During a conversation this afternoon, she told me a story how a student (often labelled by others as a ‘troublemaker’, ‘tough to teach’ … you know those, right?) challenged a poorly prepared and rude practicum teacher she had recently supervised. Here is the scene and the lines (abbreviated but the gist is there):
Chaos approaching. Students getting restless, loud, annoyed, bored and totally off-task. The prac teacher snaps at ‘Frank’: “So you think YOU can teach this lesson then?”
‘Frank’ calmly looks at her and says: “I can.”
He gets Elise’s permission (still in class as the supervising teacher), then proceeds to organise his classmates and teaches them how to use the Windows Moviemaker to tell a story they were working on in their English class. He gets kids working together, helping those who struggle, offering individual help here and there… By the end of the period, he has done an amazing job and, with Frank’s guidance and mutual help, all the kids in class simply ‘get it’!
I tell the story for two reasons.
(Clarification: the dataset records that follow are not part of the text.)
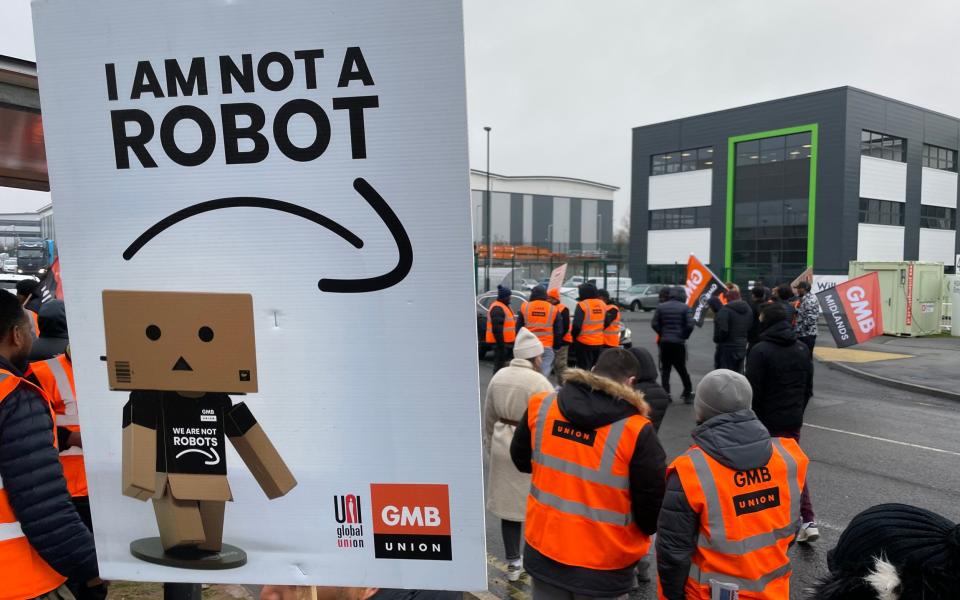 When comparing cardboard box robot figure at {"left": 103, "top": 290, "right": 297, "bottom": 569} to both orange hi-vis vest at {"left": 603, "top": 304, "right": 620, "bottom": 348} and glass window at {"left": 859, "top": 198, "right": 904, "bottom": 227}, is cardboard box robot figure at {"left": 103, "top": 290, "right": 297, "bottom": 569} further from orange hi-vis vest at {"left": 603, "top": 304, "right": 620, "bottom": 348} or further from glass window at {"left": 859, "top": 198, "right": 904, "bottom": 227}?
glass window at {"left": 859, "top": 198, "right": 904, "bottom": 227}

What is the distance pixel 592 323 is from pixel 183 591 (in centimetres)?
820

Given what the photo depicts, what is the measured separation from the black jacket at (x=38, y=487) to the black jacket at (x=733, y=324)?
9168 mm

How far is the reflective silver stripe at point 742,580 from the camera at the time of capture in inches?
93.8

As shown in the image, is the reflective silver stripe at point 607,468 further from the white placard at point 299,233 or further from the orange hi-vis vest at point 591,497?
the white placard at point 299,233

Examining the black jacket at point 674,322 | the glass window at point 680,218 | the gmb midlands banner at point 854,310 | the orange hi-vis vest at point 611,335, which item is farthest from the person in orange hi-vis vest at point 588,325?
the glass window at point 680,218

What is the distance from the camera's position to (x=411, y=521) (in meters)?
1.35

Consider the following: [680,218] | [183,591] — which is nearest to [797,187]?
[680,218]

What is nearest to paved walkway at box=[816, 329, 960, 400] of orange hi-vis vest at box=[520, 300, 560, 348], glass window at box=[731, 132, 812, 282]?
orange hi-vis vest at box=[520, 300, 560, 348]

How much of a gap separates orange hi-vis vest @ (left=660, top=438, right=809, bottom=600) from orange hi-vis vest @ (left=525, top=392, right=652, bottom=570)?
23 centimetres

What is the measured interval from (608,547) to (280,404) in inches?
68.5

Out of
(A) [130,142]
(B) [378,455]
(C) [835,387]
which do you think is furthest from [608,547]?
(C) [835,387]

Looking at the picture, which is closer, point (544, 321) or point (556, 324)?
point (544, 321)

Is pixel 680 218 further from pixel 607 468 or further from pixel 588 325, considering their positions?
pixel 607 468

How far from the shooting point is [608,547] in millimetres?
2566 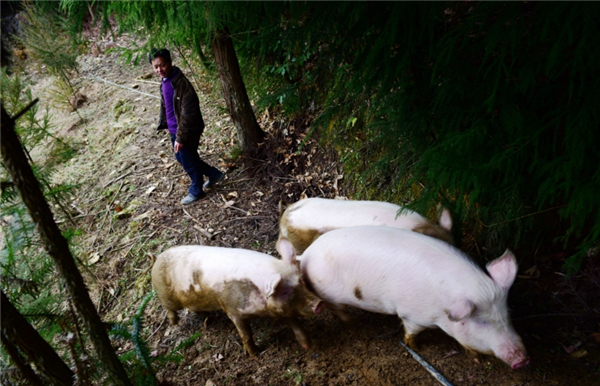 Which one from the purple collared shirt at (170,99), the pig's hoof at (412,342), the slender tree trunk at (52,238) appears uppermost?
the purple collared shirt at (170,99)

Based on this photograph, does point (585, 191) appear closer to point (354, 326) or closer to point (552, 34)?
point (552, 34)

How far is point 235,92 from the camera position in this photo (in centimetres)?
554

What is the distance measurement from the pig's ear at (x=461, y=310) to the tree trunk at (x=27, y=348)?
2183 millimetres

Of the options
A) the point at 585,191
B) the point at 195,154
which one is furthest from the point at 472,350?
the point at 195,154

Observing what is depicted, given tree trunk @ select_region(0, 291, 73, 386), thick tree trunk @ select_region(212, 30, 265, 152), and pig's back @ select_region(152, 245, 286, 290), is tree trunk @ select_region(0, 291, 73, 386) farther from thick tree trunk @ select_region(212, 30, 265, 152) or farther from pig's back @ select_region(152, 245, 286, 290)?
thick tree trunk @ select_region(212, 30, 265, 152)

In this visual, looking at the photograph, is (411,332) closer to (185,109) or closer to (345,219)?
(345,219)

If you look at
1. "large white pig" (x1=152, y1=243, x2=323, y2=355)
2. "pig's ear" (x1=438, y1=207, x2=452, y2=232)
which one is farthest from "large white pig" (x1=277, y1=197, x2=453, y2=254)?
"large white pig" (x1=152, y1=243, x2=323, y2=355)

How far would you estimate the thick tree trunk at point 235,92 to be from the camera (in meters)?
5.20

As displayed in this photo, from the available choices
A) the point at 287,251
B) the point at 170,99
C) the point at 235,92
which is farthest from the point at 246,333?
the point at 235,92

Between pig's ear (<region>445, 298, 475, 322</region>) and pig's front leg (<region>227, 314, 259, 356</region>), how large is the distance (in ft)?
5.02

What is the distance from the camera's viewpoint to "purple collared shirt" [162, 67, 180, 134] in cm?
495

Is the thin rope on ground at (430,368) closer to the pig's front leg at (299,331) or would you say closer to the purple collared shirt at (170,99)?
the pig's front leg at (299,331)

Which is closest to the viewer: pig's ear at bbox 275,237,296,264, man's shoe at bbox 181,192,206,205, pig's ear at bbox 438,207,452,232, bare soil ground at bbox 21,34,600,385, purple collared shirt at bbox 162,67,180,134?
bare soil ground at bbox 21,34,600,385

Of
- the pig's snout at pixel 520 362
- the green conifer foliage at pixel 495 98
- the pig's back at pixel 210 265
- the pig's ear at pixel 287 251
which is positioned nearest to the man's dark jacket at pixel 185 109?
the pig's back at pixel 210 265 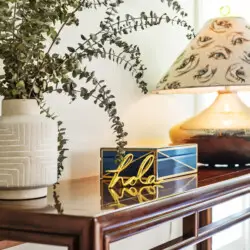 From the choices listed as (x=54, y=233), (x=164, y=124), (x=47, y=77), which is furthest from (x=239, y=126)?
(x=54, y=233)

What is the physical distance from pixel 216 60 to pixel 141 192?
0.49 meters

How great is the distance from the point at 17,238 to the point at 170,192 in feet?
0.82

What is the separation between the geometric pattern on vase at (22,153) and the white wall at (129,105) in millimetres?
314

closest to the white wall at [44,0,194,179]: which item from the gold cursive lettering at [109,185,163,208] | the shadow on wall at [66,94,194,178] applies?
the shadow on wall at [66,94,194,178]

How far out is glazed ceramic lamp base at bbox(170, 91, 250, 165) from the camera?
4.17ft

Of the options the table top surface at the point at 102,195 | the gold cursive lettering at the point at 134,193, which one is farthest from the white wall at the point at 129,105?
the gold cursive lettering at the point at 134,193

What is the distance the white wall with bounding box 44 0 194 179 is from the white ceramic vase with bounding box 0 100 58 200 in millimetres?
300

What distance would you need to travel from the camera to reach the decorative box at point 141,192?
73 cm

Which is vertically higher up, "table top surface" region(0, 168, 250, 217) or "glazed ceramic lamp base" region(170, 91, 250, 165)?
"glazed ceramic lamp base" region(170, 91, 250, 165)

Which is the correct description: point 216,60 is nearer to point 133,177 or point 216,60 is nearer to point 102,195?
point 133,177

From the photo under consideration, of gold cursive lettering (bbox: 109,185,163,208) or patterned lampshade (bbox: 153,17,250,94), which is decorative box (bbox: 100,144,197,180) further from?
patterned lampshade (bbox: 153,17,250,94)

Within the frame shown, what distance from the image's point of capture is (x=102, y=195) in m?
0.81

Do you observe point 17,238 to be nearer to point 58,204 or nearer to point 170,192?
point 58,204

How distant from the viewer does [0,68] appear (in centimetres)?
94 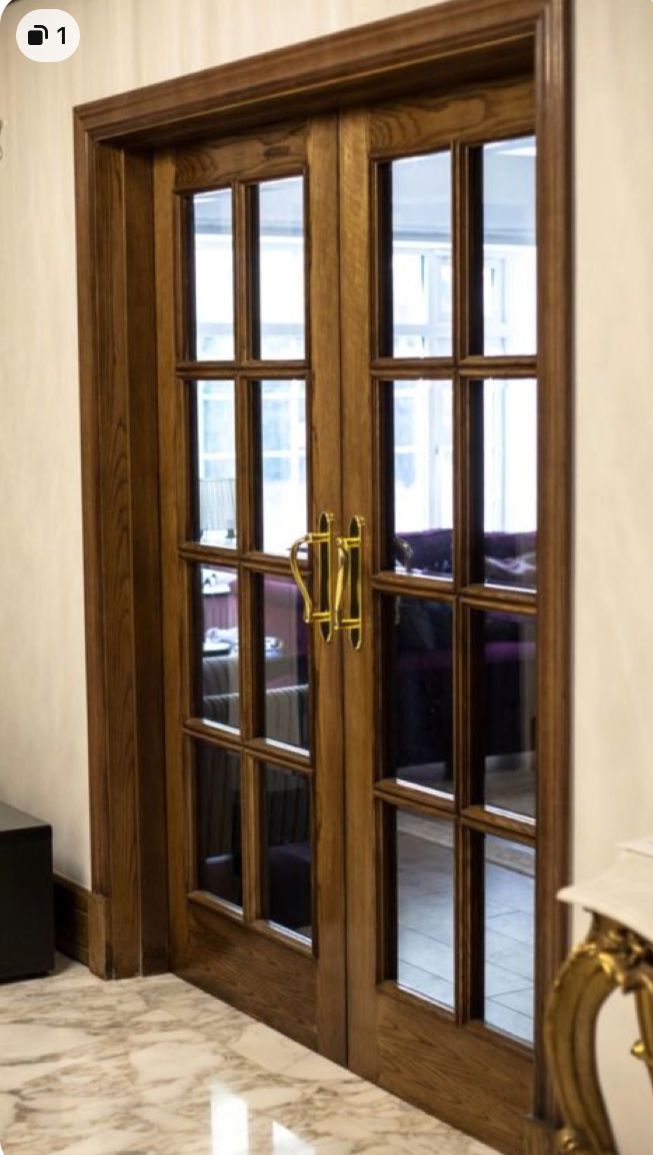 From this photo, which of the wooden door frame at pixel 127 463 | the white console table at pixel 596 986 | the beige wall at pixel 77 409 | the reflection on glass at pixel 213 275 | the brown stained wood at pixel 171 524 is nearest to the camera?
the white console table at pixel 596 986

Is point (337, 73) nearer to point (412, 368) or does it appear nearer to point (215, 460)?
point (412, 368)

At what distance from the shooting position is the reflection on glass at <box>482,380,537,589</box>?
328cm

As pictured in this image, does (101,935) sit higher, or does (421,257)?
(421,257)

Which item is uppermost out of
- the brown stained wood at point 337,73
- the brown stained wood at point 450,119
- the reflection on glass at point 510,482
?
the brown stained wood at point 337,73

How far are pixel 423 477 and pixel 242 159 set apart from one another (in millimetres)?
951

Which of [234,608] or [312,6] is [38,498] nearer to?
[234,608]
First is to reinforce the message from my previous post (looks like that was a stirrer! ‘Grow a Moodle‘) that students love to teach, particularly the things they are good at. In this case, it was the use of technology.
The second reason is that vignettes like this reinforce the power and potential of education that Elise, myself and thousands of caring, thinking teachers around the world are getting louder and louder about. In this sort of education, everyone is a teacher, everyone is a learner. We lead, but we don’t limit kids in our class to what we know. Knowledge (and what constitutes it, what is ‘good’, ‘right’, ‘useful’ knowledge) is shared. As a result, power is shared. We recognise that ‘teacher’ can be a mere label for someone with a teaching college card, grades book and a salary to take home.
Yes, there are -isms aplenty out there to describe this. On the ground, this is some scary stuff for millions among us (professional) teachers yet it is strangely beautiful how it just works (here comes the plug… long live the rhizome 🙂 ).
As Elise and I chatted, we recognised some of the most influential ‘teachers’ in our lives were not professional teachers at all, not necessarily ‘schooled’ either (see Gladwell’s thoughts on how to recruit new teachers – very ‘selectively Gladwell’ but a fun read with some handy insights). What did they have in common – genuine care for us, low assumptions and high expectations.
Next time you are ‘stuck’ in class – consider asking for help. Who will you ask for help depends on who you believe in. And as a teacher of many years I know only too well what a brilliant set of BS detectors every single teenager in my class carries with them all the time.